You — Not Your Competitors — Define Your Destiny

21 thoughts on “You — Not Your Competitors — Define Your Destiny”

  1. Or, put another way, how many photo sharing apps, find you friends at the bar geo apps, and me to YASNs (yet another social network, which however, are starting be sorted by the big giant head, FB), and yet with consumer hardware, there has to be some following on to fill the market.

    I think even apple has not realized the full maturity, not all of the peculiar use cases of the tablet. They all, Apple included, seems to be emulating standard computer use modalities, which is fine, but I think we are in for a long term renaissance. And I am not taking all verticals, either.

    1. Alan

      As always you do have a way of cutting through it all and hitting the bone hard. Keep leaving this comments for us to share. I am sure that there is a lot of people who would agree with you including myself.

      One thing I would disagree with you is that Apple doesn’t know that it needs to encourage different behavior. As a owner of the platform, they should count on the app developers to develop post computer use behaviors on their platform.

  2. Great piece Om! I absolutely agree on this. From my personal experience of running our cloud backup services, I can say that we did stay away from the unlimited storage in online backup, and it was proved right after nearly 5 years by Mozy that it is impossible to make money with unlimited and changed their course just recently.
    You may or may not become the largest or the biggest, but you will have loyal followers, and you will derive great satisfaction at doing things your way rather than follow competition.

    Raghu Kulkarni, IDrive.com

  3. In India, we say, “When Elephant walks, Dogs bark”. Apple is an Elephant, so is/was Nokia.

    Nokia never bothered about America, Apple, Android & kept doing its own thing. It is still a world leader by a huge margin, as we speak. It would have remained so for years, being #1 in Europe/Middle-East/Africa/Asia and most importantly emerging markets. So what made them buckle, I believe the noise unsettled them. What happens to Nokia will be an interesting case study.

    Likewise, it would be interesting to see, where Apple’s finds itself 3 years after Steve’s departure. They might give in to the competition, like they just did today, by re-approving readability app.

    So, while I agree, one must do his own thing but there is no guarantee that this will bring you success. One has to understand the market dynamics and evolve accordingly. My 2 cents.

    1. I agree with Vijay here. Steve Jobs leadership has been critical to Apple’s success. I think to be successful in a open market you need to ensure both reactive and proactive strategies are adopted. The strategic decisions are totally different in one company to another. But, it is how you put in motion those strategies will ultimately define success or failure.

    2. Om,

      I could not agree more strongly with your message. I lived my 25 years as an entrepreneur with that same strategy, and found it consistently led to success. For me the primary emphasis was on listening to our customers, and secondarily focusing on creating a great environment for our employees.

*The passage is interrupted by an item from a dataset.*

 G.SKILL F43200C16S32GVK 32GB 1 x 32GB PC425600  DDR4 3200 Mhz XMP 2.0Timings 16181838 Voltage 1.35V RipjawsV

      Focusing on competitors leads to products that are one step behind the market, not to market changing new ideas. It can also strike fear into an entrepreneur’s heart, and paralyze them.

      – David

  4. On what happens to our lives, it is our own doing. We are responsible to what might be the outcome of our single step. Thus to be successful, it truly depends on you. No one’s to be blame but yourself. No matter how other people make your life miserable, if you let them, they’d be successful and you’d be the loser. Sometimes you need to be strong enough to withstand pain, surpass trials and when you fall down, stand up and never surrender. Raise your head up high, pray and you’d be successful in due time.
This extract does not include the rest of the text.